*Work required*:
Reprint every entry, character for character.

Data items:
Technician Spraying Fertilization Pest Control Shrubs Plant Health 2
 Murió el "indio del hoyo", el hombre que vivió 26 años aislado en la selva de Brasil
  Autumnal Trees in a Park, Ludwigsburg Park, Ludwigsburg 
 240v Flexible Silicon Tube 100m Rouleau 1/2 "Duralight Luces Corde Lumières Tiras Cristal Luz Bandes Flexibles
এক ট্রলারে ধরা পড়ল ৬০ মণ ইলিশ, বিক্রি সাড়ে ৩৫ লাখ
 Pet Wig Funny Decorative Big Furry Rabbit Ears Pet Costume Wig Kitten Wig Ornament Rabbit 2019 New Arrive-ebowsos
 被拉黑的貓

*Answer section*:
Technician Spraying Fertilization Pest Control Shrubs Plant Health 2
 Murió el "indio del hoyo", el hombre que vivió 26 años aislado en la selva de Brasil
  Autumnal Trees in a Park, Ludwigsburg Park, Ludwigsburg 
 240v Flexible Silicon Tube 100m Rouleau 1/2 "Duralight Luces Corde Lumières Tiras Cristal Luz Bandes Flexibles
এক ট্রলারে ধরা পড়ল ৬০ মণ ইলিশ, বিক্রি সাড়ে ৩৫ লাখ
 Pet Wig Funny Decorative Big Furry Rabbit Ears Pet Costume Wig Kitten Wig Ornament Rabbit 2019 New Arrive-ebowsos
 被拉黑的貓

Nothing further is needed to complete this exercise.